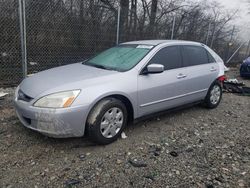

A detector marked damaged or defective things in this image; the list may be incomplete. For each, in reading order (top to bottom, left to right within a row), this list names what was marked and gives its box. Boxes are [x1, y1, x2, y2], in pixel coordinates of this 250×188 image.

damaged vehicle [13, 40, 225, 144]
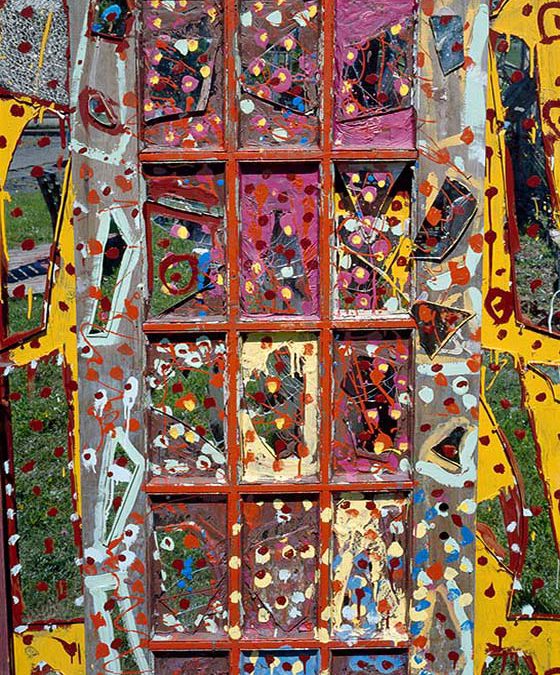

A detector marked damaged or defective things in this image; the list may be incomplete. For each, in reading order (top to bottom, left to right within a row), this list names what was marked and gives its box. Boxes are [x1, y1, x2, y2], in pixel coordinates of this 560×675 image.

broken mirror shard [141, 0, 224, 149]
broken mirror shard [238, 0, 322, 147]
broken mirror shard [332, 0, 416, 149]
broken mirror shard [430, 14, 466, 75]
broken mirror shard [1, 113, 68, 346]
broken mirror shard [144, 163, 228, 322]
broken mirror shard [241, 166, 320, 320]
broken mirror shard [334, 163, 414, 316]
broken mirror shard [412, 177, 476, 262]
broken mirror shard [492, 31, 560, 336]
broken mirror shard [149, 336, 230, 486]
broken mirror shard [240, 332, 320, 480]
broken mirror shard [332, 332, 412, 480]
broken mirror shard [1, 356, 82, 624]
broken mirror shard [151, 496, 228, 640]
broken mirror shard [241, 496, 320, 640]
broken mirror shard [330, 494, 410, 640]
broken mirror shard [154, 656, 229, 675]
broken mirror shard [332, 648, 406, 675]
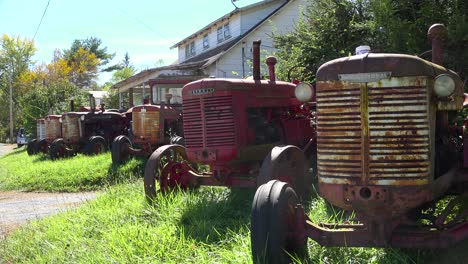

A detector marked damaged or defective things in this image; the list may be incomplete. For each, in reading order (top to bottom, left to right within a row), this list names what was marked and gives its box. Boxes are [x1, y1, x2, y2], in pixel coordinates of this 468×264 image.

* * *

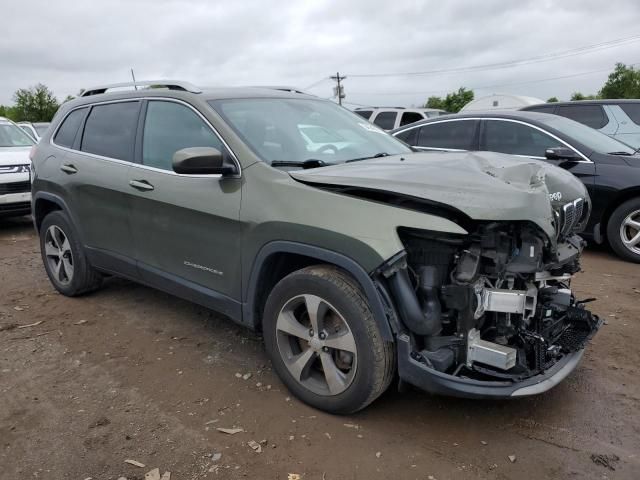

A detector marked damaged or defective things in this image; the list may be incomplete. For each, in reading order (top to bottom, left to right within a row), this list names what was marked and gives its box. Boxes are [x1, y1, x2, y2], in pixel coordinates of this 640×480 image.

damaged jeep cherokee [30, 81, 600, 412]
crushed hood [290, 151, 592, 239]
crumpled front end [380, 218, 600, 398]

**Task brief:** Start with the line with "this 560×675 image." in the listing above and stop after the line with "this 468×264 image.". Write out exactly the lines in that stretch and no others, without pictures.

**Response area:**
A detector marked damaged or defective things in this image; the list may be incomplete. For each, in reading order (top to bottom, left to right within a row), this list names what was marked and gives its box. Boxes are [x1, y1, x2, y2], in pixel coordinates of this 560×675 image.

broken mirror shard [141, 0, 224, 149]
broken mirror shard [238, 0, 322, 147]
broken mirror shard [332, 0, 416, 149]
broken mirror shard [430, 14, 466, 75]
broken mirror shard [1, 113, 68, 346]
broken mirror shard [144, 163, 228, 322]
broken mirror shard [241, 166, 320, 320]
broken mirror shard [334, 163, 414, 316]
broken mirror shard [412, 177, 476, 262]
broken mirror shard [492, 31, 560, 336]
broken mirror shard [149, 336, 230, 486]
broken mirror shard [240, 332, 320, 480]
broken mirror shard [332, 332, 412, 480]
broken mirror shard [1, 356, 82, 624]
broken mirror shard [151, 496, 228, 640]
broken mirror shard [241, 496, 320, 640]
broken mirror shard [330, 494, 410, 640]
broken mirror shard [154, 656, 229, 675]
broken mirror shard [332, 648, 406, 675]

A detector marked damaged or defective things in this image; the list may be incomplete. For each, in reading order (top to bottom, left to right within a row), this list names what was marked and gives its box. Boxes are [x1, y1, x2, y2], in pixel coordinates of this 468×264 image.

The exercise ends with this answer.